TCDB is operated by the Saier Lab Bioinformatics Group

1.C.73 The Pseudomonas Exotoxin A (P-ExoA) Family

Exposure to low endosomal pH during internalization of Pseudomonas exotoxin A (PE) triggers membrane insertion of its translocation domain. This process is a prerequisite for PE translocation to the cytosol where it inactivates protein synthesis.

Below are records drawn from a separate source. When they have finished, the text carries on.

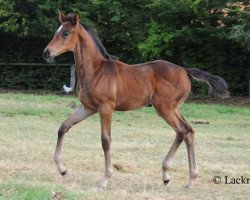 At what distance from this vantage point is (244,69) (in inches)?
1023

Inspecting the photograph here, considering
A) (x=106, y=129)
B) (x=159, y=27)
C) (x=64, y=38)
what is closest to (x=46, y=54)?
(x=64, y=38)

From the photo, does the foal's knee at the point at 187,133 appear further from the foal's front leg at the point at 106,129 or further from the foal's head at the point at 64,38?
the foal's head at the point at 64,38

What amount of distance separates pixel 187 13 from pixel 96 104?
17614 millimetres

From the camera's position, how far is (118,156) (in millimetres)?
10773

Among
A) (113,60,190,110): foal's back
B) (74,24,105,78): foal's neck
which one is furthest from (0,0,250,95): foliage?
(74,24,105,78): foal's neck

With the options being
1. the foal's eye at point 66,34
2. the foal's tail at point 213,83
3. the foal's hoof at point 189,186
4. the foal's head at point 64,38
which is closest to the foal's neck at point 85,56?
the foal's head at point 64,38

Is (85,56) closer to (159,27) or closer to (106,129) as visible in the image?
(106,129)

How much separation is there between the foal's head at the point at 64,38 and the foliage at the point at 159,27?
16.1 meters

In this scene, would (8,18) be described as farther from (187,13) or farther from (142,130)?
(142,130)

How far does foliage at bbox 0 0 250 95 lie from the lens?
81.7 feet

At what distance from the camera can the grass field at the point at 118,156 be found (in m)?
7.60

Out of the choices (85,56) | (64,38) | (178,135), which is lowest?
(178,135)

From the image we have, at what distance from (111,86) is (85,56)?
1.99ft

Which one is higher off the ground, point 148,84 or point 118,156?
point 148,84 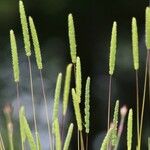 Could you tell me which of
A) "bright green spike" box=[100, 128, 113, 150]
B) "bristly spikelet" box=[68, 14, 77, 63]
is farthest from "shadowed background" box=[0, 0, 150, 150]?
"bright green spike" box=[100, 128, 113, 150]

Although hydrophobic helices enable membrane insertion of related bacterial toxins such as diphtheria toxin, the PE translocation domain is devoid of hydrophobic stretches. The structural features triggering acid-induced membrane insertion of PE have recently been elucidated (Méré et al., 2005). At neutral pH, a Trp is buried in a hydrophobic pocket, closed by the smallest α-helix of the translocation domain. Upon acidification, protonation of the Asp that is the N-cap residue of the helix leads to its destabilization, enabling Trp side chain insertion into the endosome membrane (Méré et al., 2005). This tryptophan-based membrane insertion system is similar to the membrane-anchoring mechanism of human annexin-V.

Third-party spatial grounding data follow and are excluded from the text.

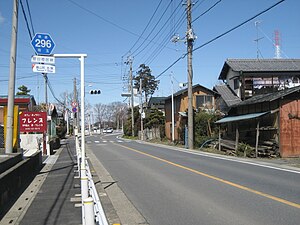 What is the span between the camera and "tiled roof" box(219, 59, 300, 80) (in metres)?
30.8

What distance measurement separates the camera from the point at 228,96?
33.1m

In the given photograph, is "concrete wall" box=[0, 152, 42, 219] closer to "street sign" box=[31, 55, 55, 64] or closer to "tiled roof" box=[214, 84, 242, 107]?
"street sign" box=[31, 55, 55, 64]

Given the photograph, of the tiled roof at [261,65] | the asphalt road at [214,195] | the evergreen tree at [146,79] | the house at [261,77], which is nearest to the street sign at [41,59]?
the asphalt road at [214,195]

P-ExoA is 613 aas long and consists of 3 structural/functional domains. Domain I binds to the α2-macroglobulin/low density lipoprotein receptor-related protein, enabling internalization via receptor-mediated endocytosis. Domain II then mediates translocation into the cytosol of the entire toxin or of a carboxyl-terminal fragment generated by furin proteolysis and encompassing domain III and most of domain II. Finally, domain III catalyzes the ADP ribosylation of elongation factor 2, thereby inhibiting protein synthesis and killing the cell.

P-ExoA has only one homologue in the current (7/05) NCBI database, a hypothetical exotoxin A from Vibrio cholerae. It is 666 aas long and exhibits 33% identity with P-ExoA throughout almost all of its length. A C-terminal domain (residues 436-502) shows significant sequence similarity (27% identity) with a region (42-167) of diphtheria toxin from C. diphtheriae (TC #1.C.7.1.1) as well as a region (116-239) with 22% identity with a region (314-420) of a putative exported protein from Yersinia species such as Y. pestis (806 aas; AAS62938).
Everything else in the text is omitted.